- _What the task requires_
Line by line, the data below should be set down unchanged, with images excluded.

- _Information provided_
○ ○ ○ ○ ○
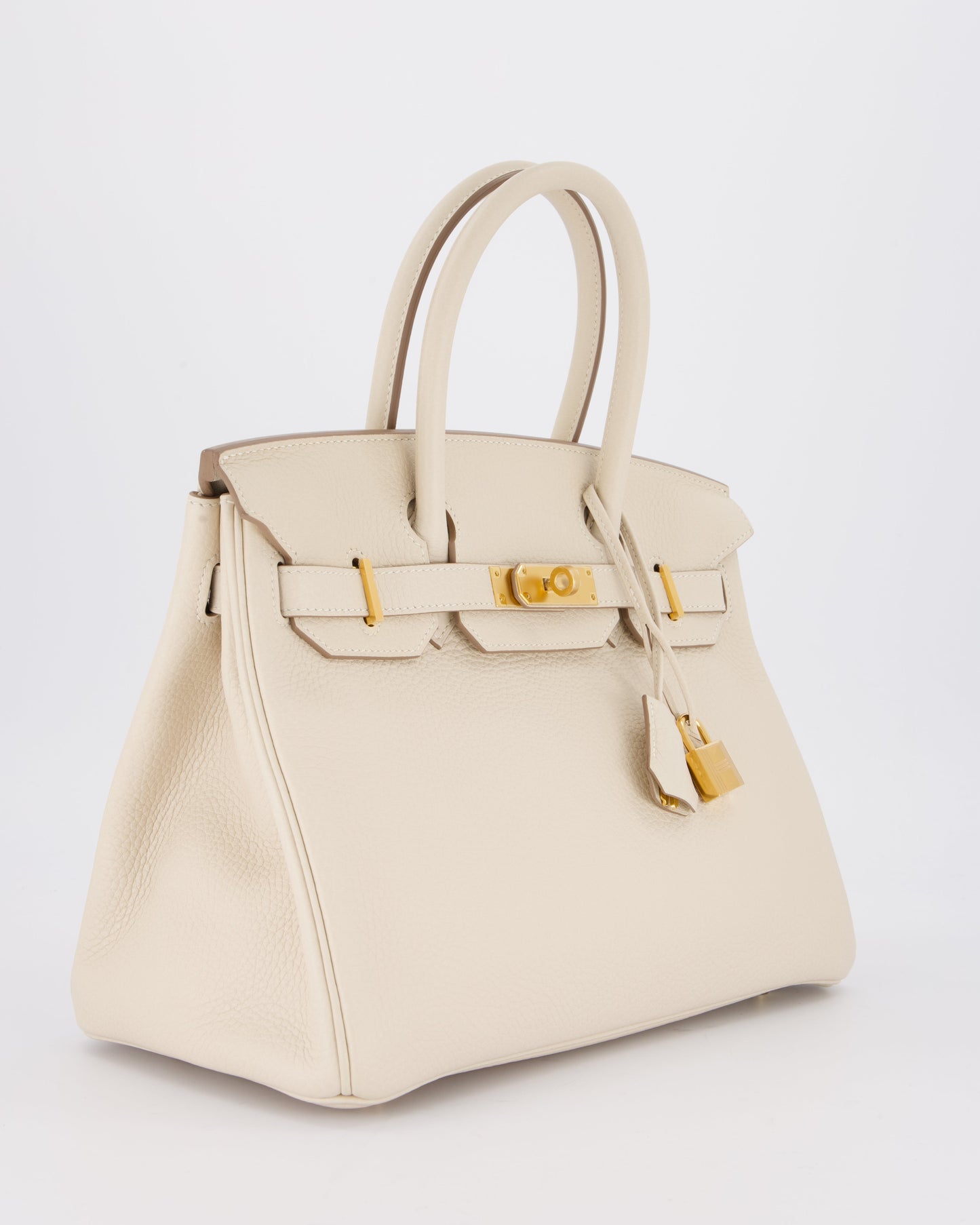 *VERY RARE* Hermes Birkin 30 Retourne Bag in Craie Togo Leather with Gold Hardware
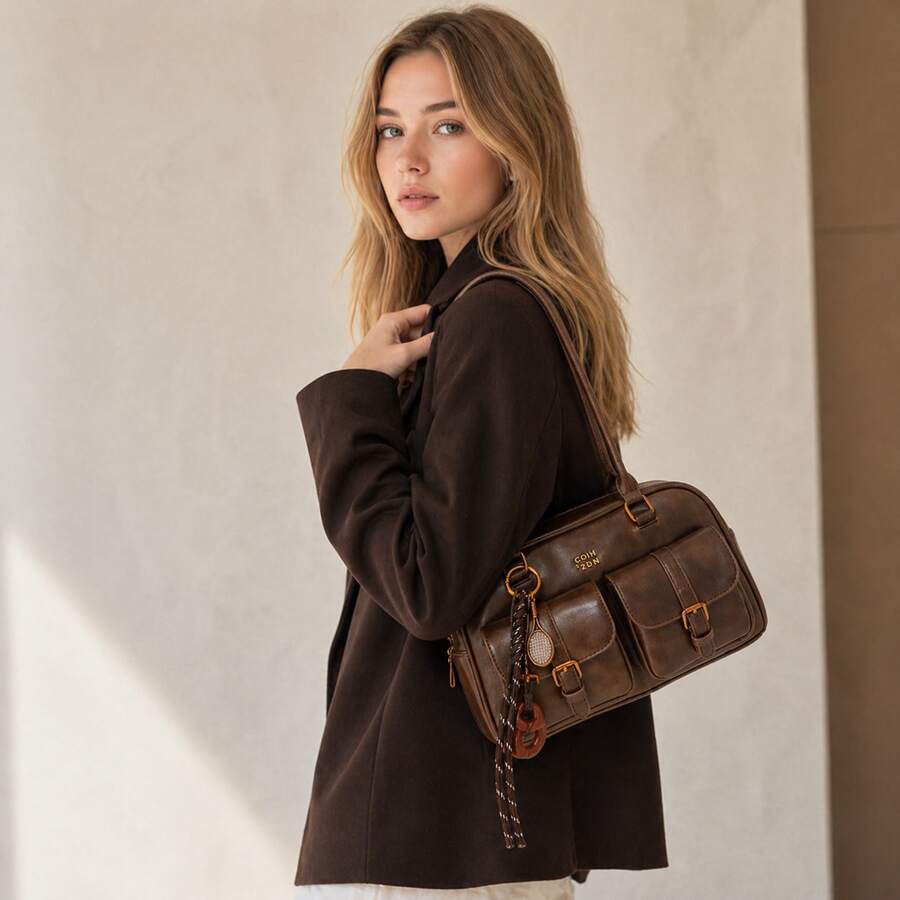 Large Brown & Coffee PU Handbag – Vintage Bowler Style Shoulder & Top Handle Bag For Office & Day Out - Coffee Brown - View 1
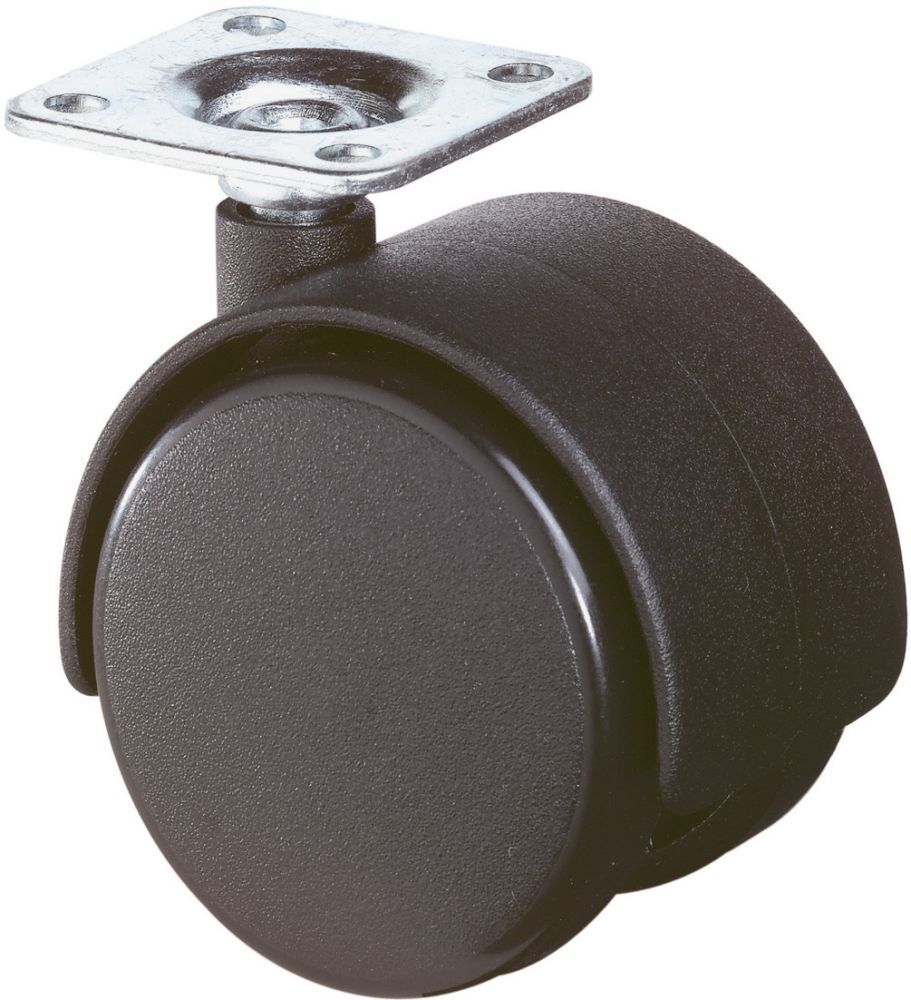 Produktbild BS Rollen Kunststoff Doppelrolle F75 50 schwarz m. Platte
○ ○ ○ ○ ○
- _Solution for this problem_
 *VERY RARE* Hermes Birkin 30 Retourne Bag in Craie Togo Leather with Gold Hardware
 Large Brown & Coffee PU Handbag – Vintage Bowler Style Shoulder & Top Handle Bag For Office & Day Out - Coffee Brown - View 1
 Produktbild BS Rollen Kunststoff Doppelrolle F75 50 schwarz m. Platte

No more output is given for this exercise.